● **Task objective**: Your task is to reproduce exactly the lines from the one containing "Prabhpreet Kaur Bhatia, Anurag" through the last line below, both ends included, and nothing else, with no pictures.

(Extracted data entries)
○ ○ ○ ○ ○ ○ ○

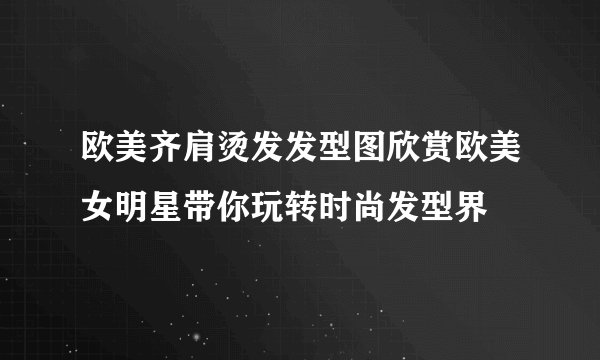 欧美齐肩烫发发型图欣赏欧美女明星带你玩转时尚发型界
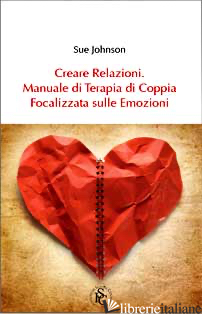 CREARE RELAZIONI. MANUALE DI TERAPIA DI COPPIA FOCALIZZATA SULLE EMOZIONI - JOHNSON SUE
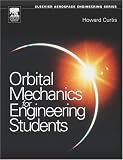 Orbital Mechanics: For Engineering Students (Aerospace Engineering)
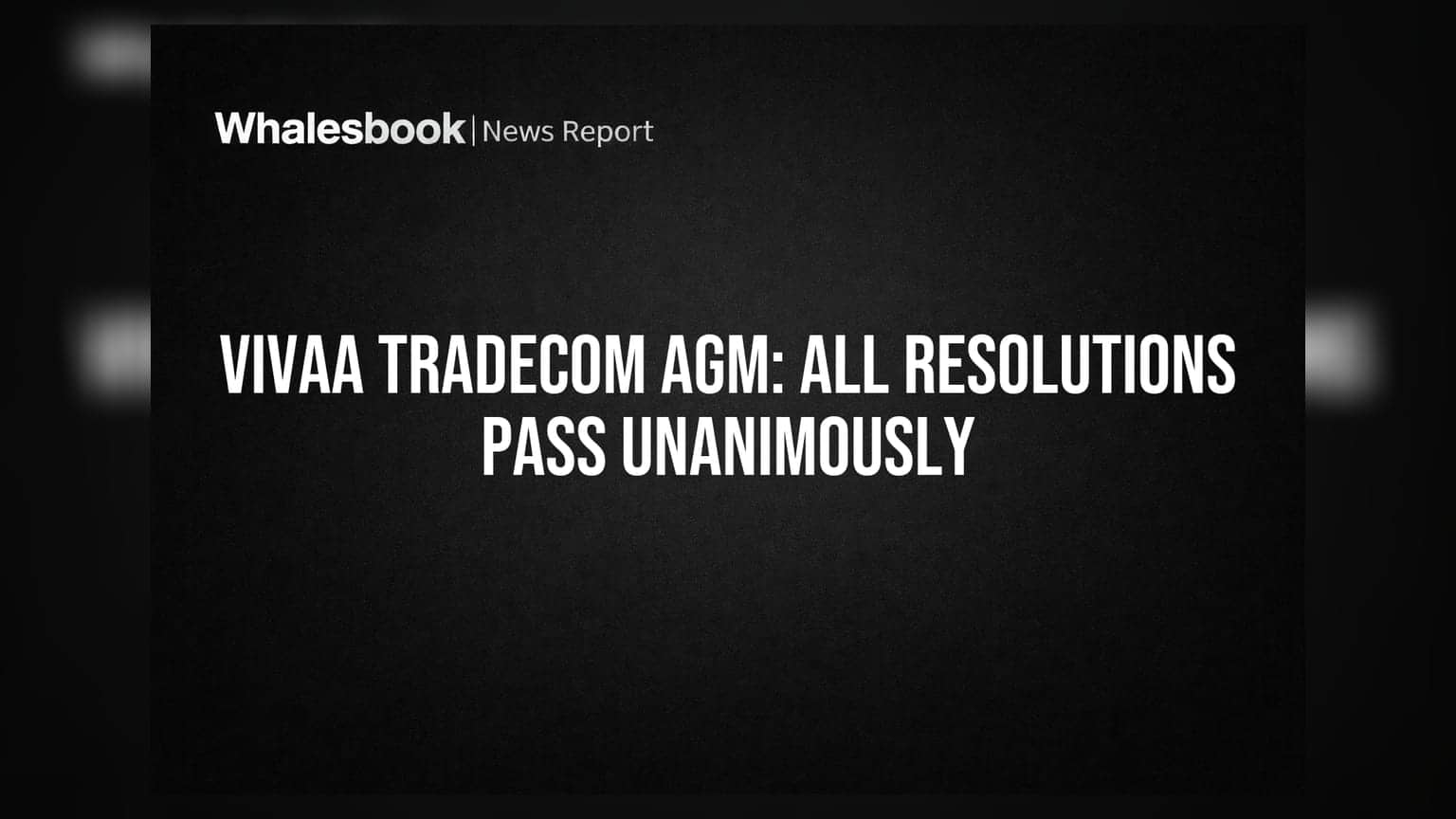 Vivaa Tradecom AGM: All Resolutions Passed with 100% Shareholder Support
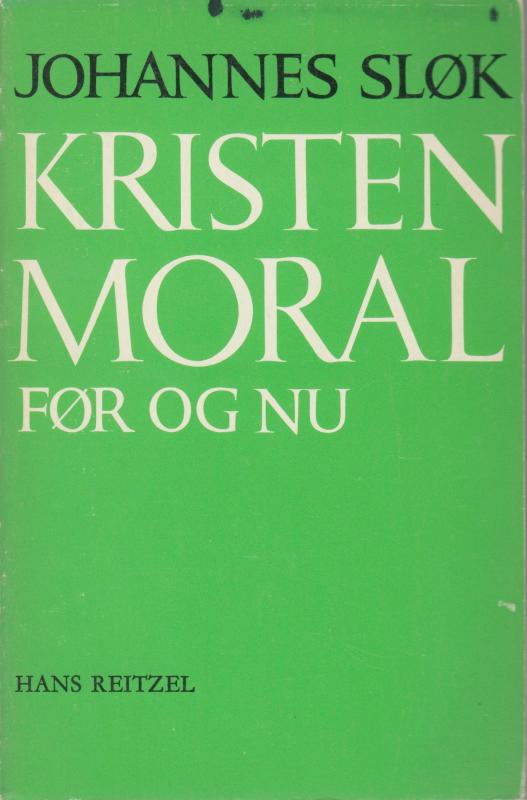 Kristen moral før og nu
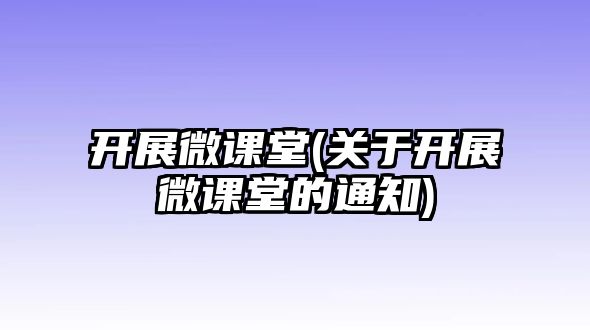 開展微課堂(關(guān)于開展微課堂的通知)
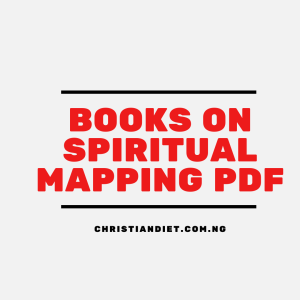 Books On Spiritual Mapping [PDF Download]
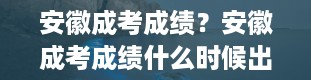 安徽成考成绩？安徽成考成绩什么时候出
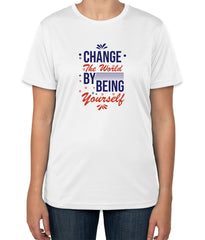 Change The World By Being Yourself White Cotton T-Shirt | Unisex | S–L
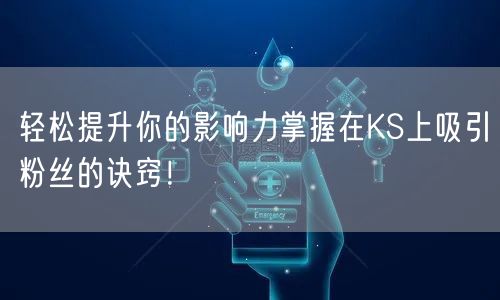 轻松提升你的影响力掌握在KS上吸引粉丝的诀窍！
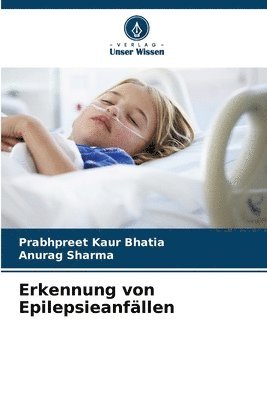Prabhpreet Kaur Bhatia, Anurag Sharma - Erkennung von Epilepsieanfällen, Häftad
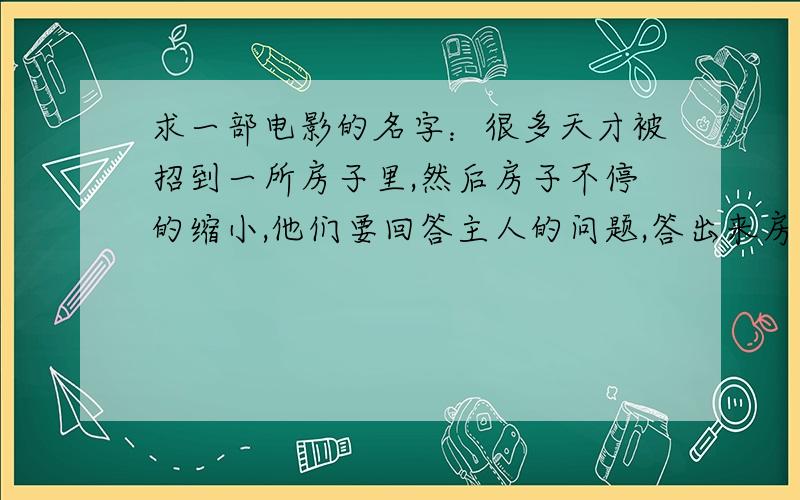 求一部电影的名字：很多天才被招到一所房子里,然后房子不停的缩小,他们要回答主人的问题,答出来房子停止,答错了房子继续缩小.好像是关于某个猜想的证明的.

○ ○ ○ ○ ○ ○ ○

● **Task output**:
Prabhpreet Kaur Bhatia, Anurag Sharma - Erkennung von Epilepsieanfällen, Häftad
 求一部电影的名字：很多天才被招到一所房子里,然后房子不停的缩小,他们要回答主人的问题,答出来房子停止,答错了房子继续缩小.好像是关于某个猜想的证明的.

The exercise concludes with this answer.